Inability to have non-determinism at compile time

Some languages are interested in allowing truely arbitrary computation at compile time, including non-deterministic computation. IIUC, Nim falls into this bucket.

However, allowing information to flow from compile-time evaluation to the type system introduces non-determinism in types, which is bad for quickly computing type equality, as caching results of compile-time evaluation becomes unsound.

Of course, non-determinism at compile time has its own downsides generally, and one can argue that it is a bad feature to want.

However, you’ll notice that non-determinism is in some ways central to most statically typed languages today, because the default hash table type generally does not guarantee iteration order over keys for better performance.

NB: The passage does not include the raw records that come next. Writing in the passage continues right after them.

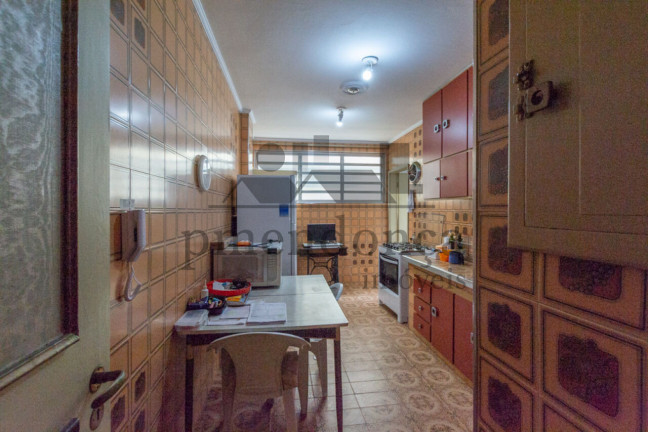 Imagem Apartamento com 3 Quartos à Venda, 156 m² em Higienópolis - São Paulo Imagem Apartamento com 3 Quartos à Venda, 156 m² em Higienópolis - São Paulo
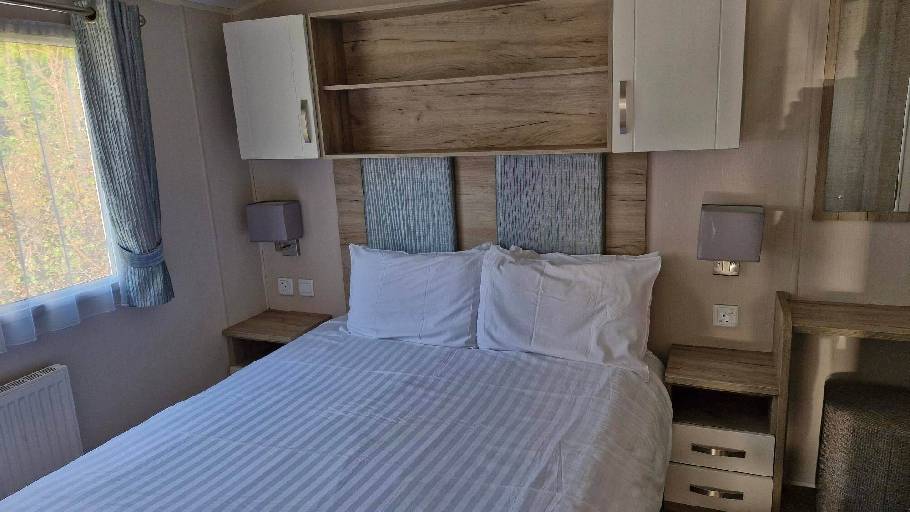 Willerby Skye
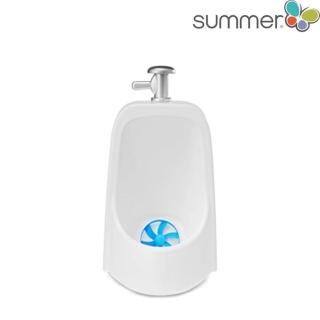 【Summer infant】快樂學習站立小便斗(兒童學習尿尿神器)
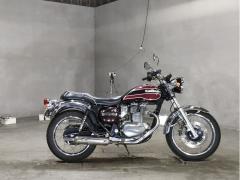 Kawasaki ESTRELLA RS 2017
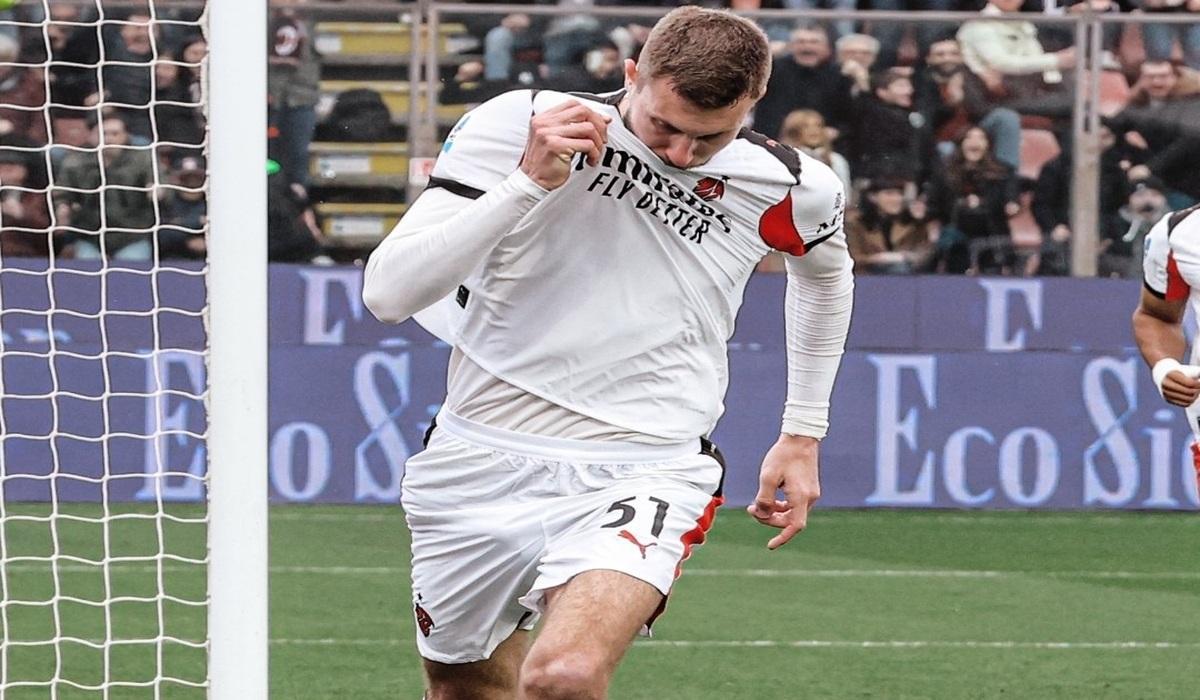 ميلان يعود لسكة الإنتصارات في الكالشيو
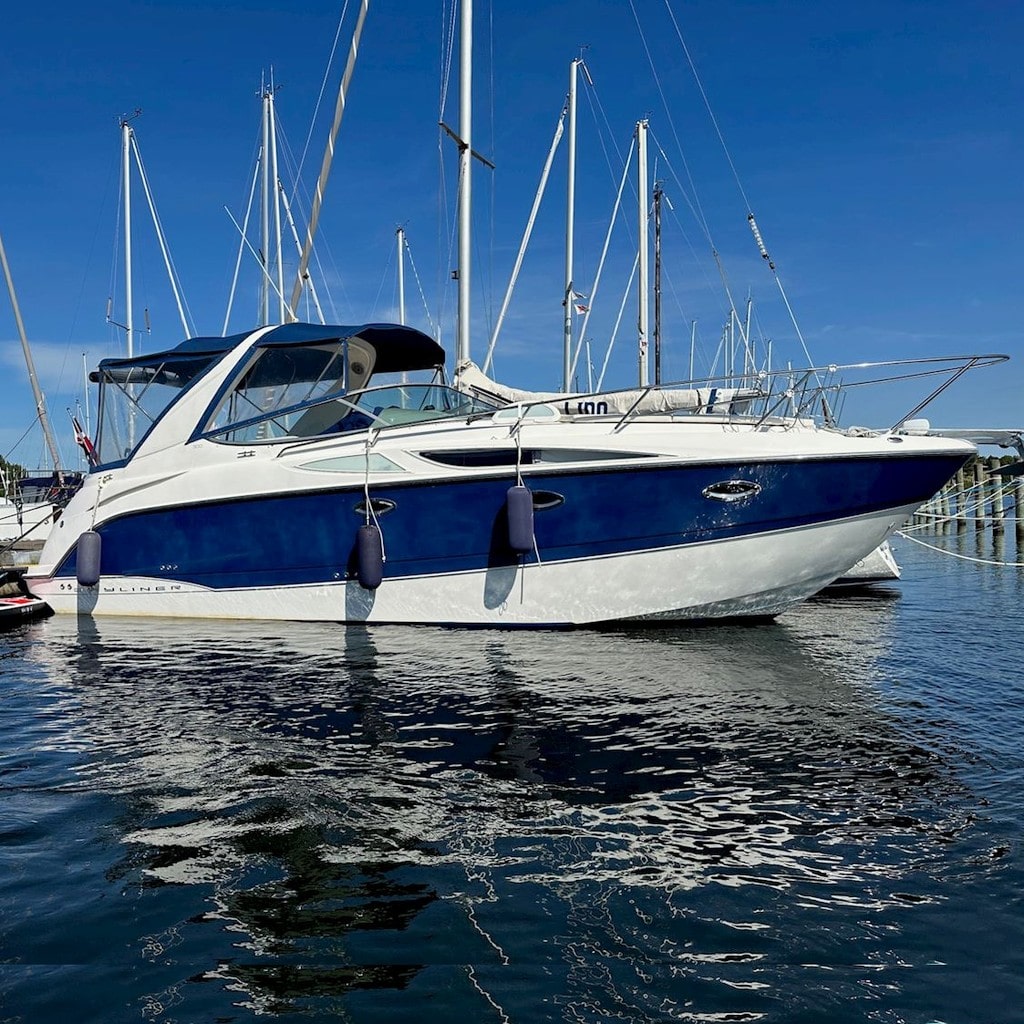 Bayliner 300 Cruiser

This means that if your code is using hash tables, you cannot directly reuse it between compile time and run time unless you factor it out to swap out the underlying hash table…

EDIT(2022/10/10): Zig issue 7396 covers an example of how allowing compile-time non-determinism can be powerful in allowing “some unique abilities, like building a borrow checker and lazily creating a global list based on what functions or types get compiled” but it also creates problems with memoizing the results of compile time evaluation. Notice that the suggested fix essentially involves making compile time evaluation semantics diverge from run time evaluation semantics…

Inability to support polymorphic recursion

Some languages support polymorphic recursion, which means that code can be instantiated with successively varying generic types. It is arguably somewhat of an esoteric feature (albeit, see answers to this SO question for some use cases).

This drawback is shared by other languages which use monomorphization as a compilation strategy, such as Rust and C++.

EDIT(2022/10/10): It is not possible to reconcile templates with polymorphic recursion because templates require that all instantiations be type-checked, so you need to prove an infinite number of properties in finite time. Zig allows for compile-time reflection, which means that you can essentially branch on instantiation depth, so you can’t necessarily prove such properties reliably. The other point is, even if you get rid of compile-time reflection, proving an infinite number of properties at once essentially requires building a constraint system to infer what is a higher-order forall constraint from sets of simpler constraints. So now you’ve arrived what closely resembles a system of type classes, but which can only used by your type checker…

Closing thoughts

If you ever see someone advertise a language feature as “everything is an X”, your first reaction should probably be healthy skepticism, rather than delight. Programming languages generally tend to draw distinctions between distinct things for good reasons.

The C++ committee added concepts after decades of pain with templates, and even these do not overcome all the problems mentioned above. I would not be surprised to see Zig add a similar system (likely with its own twist to it) at some point if it keeps growing in usage.